Action item: Where the lines below hold images, skip those and copy every word exactly.

Annotated photo localization data:
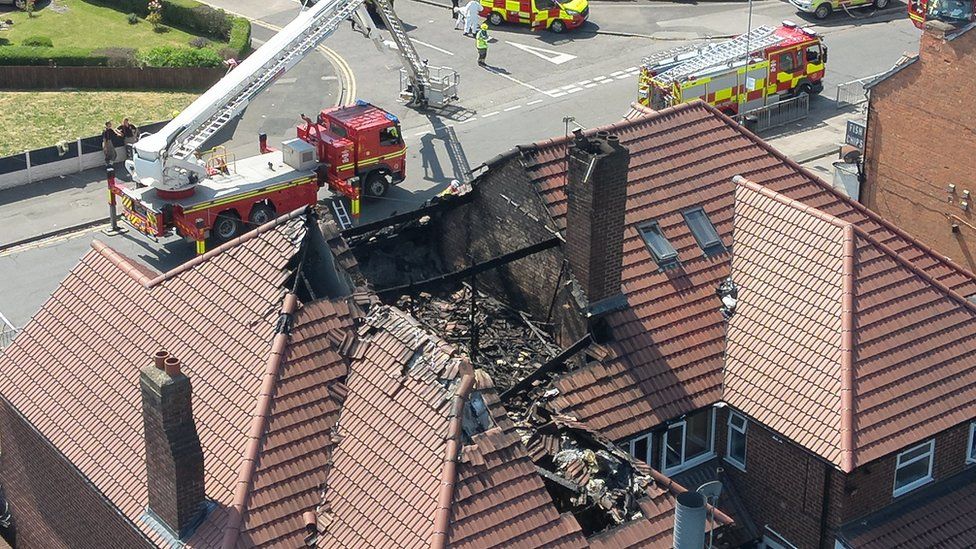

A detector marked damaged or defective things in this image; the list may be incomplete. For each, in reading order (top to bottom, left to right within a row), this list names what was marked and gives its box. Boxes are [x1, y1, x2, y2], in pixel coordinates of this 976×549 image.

charred timber beam [340, 191, 472, 238]
charred timber beam [374, 235, 560, 296]
burnt roof hole [716, 276, 740, 318]
damaged roof [504, 101, 976, 446]
damaged roof [724, 178, 976, 468]
damaged roof [0, 209, 362, 544]
charred timber beam [500, 332, 592, 400]
burnt roof hole [464, 390, 496, 440]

Reply to the task:
A detector marked damaged or defective things in this image; the list may be incomplete. For each, in reading order (top to bottom, left to right within a row), this list names what was marked and gives its box. Boxes are [x1, y1, x2, y2], in pixel coordinates of this 976×549 image.

charred timber beam [340, 191, 472, 238]
charred timber beam [374, 235, 560, 296]
burnt roof hole [716, 276, 740, 318]
damaged roof [504, 101, 976, 446]
damaged roof [724, 178, 976, 468]
damaged roof [0, 209, 362, 544]
charred timber beam [500, 332, 592, 400]
burnt roof hole [464, 390, 496, 440]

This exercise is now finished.